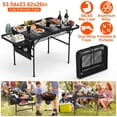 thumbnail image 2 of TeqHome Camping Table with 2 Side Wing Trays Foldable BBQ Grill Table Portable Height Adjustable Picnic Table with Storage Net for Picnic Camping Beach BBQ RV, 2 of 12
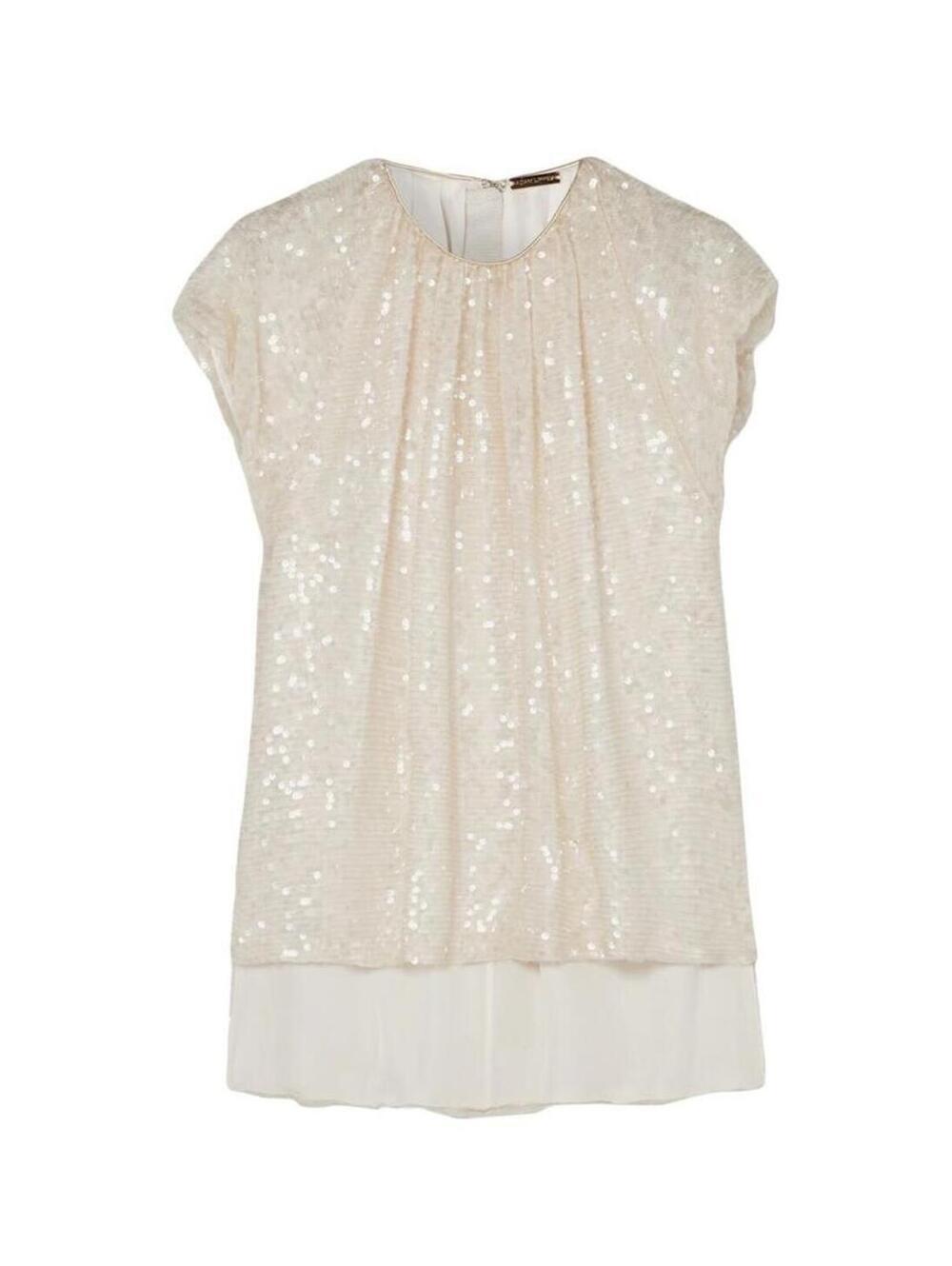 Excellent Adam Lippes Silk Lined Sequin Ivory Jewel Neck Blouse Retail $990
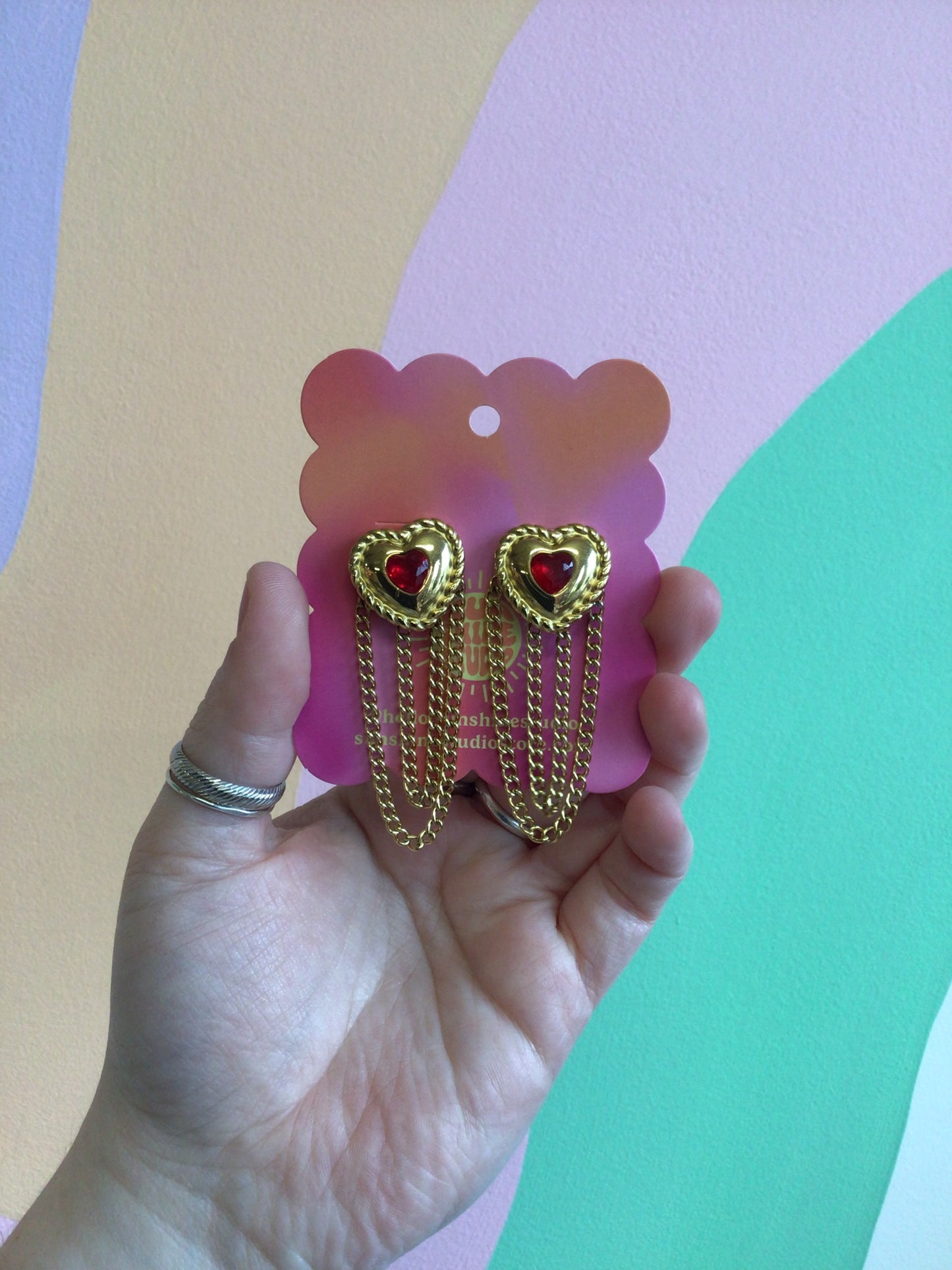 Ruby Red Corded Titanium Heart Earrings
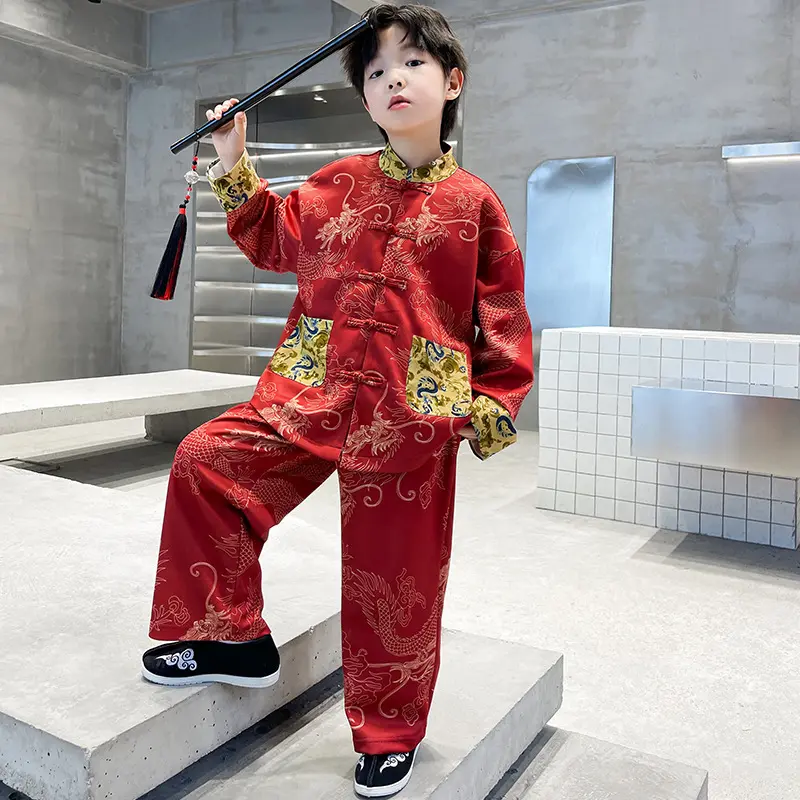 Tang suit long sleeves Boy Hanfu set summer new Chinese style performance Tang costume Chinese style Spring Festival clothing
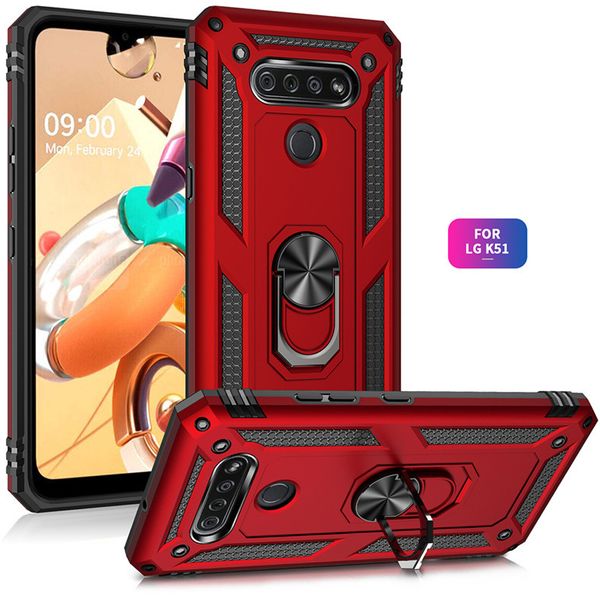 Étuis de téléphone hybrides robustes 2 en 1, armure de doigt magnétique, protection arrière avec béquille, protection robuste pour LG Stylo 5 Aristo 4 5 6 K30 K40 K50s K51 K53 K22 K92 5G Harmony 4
--
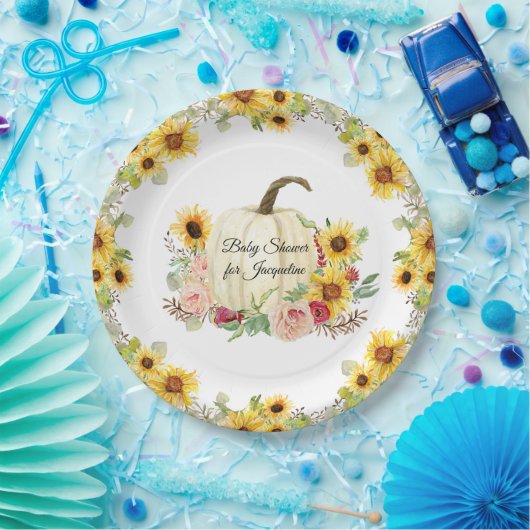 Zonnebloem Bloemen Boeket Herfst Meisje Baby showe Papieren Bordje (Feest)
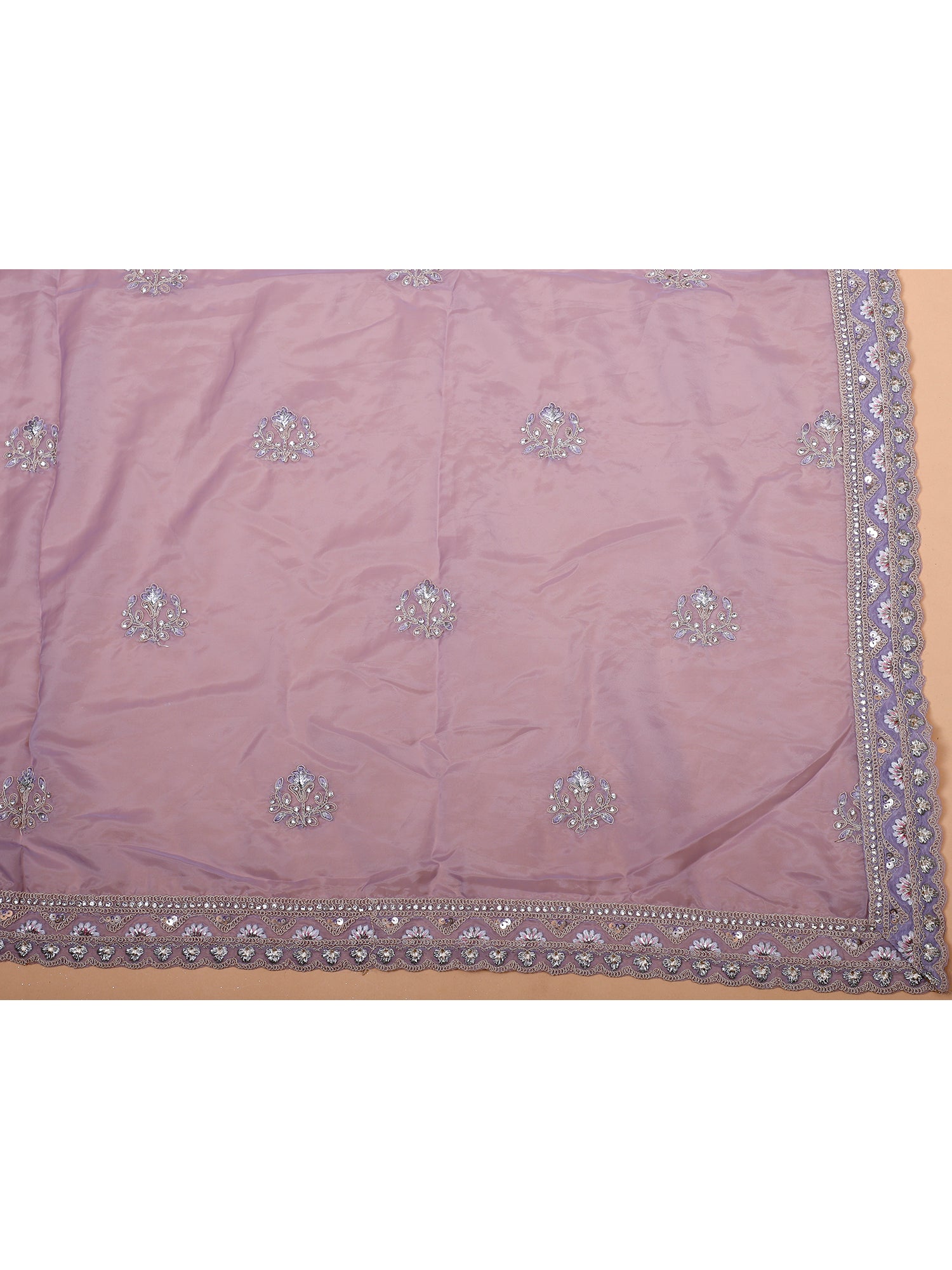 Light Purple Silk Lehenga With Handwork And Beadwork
...
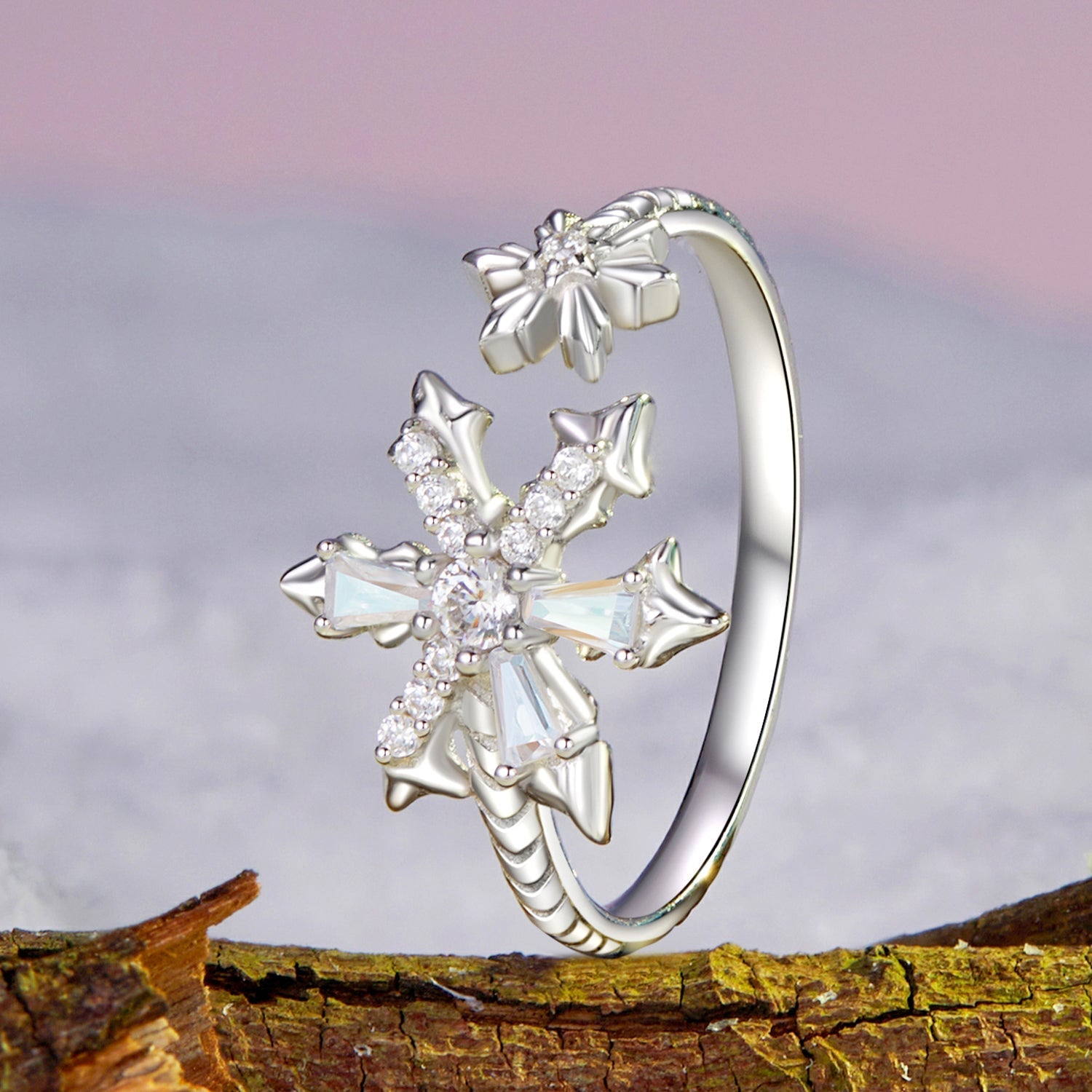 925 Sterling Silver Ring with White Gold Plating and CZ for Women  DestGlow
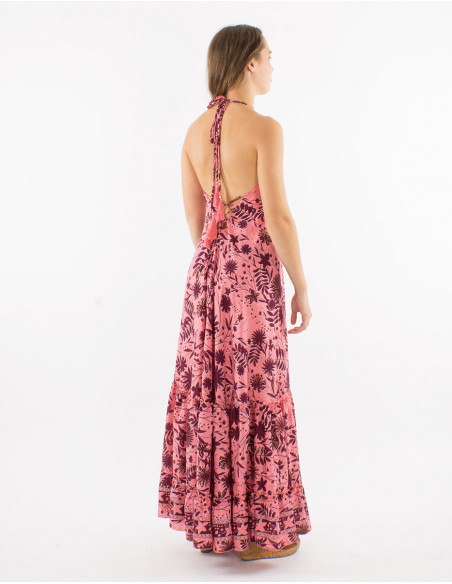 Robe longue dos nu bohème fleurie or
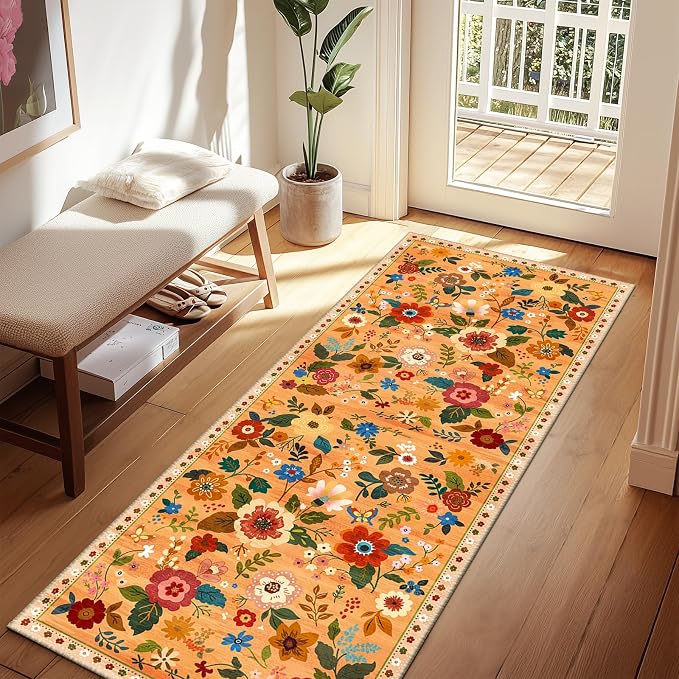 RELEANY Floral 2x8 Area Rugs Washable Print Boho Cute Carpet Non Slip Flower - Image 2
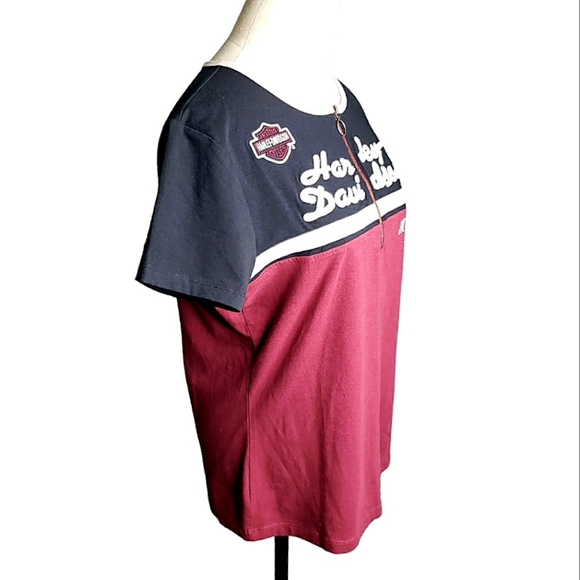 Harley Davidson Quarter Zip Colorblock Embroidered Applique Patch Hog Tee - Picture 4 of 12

__How to complete this task__
Those lines of the records above that run from the one containing "925 Sterling Silver" through the one containing "Harley Davidson Quarter" should be returned exactly, with no pictures among them.

__Written solution__
 925 Sterling Silver Ring with White Gold Plating and CZ for Women  DestGlow
 Robe longue dos nu bohème fleurie or
 RELEANY Floral 2x8 Area Rugs Washable Print Boho Cute Carpet Non Slip Flower - Image 2
 Harley Davidson Quarter Zip Colorblock Embroidered Applique Patch Hog Tee - Picture 4 of 12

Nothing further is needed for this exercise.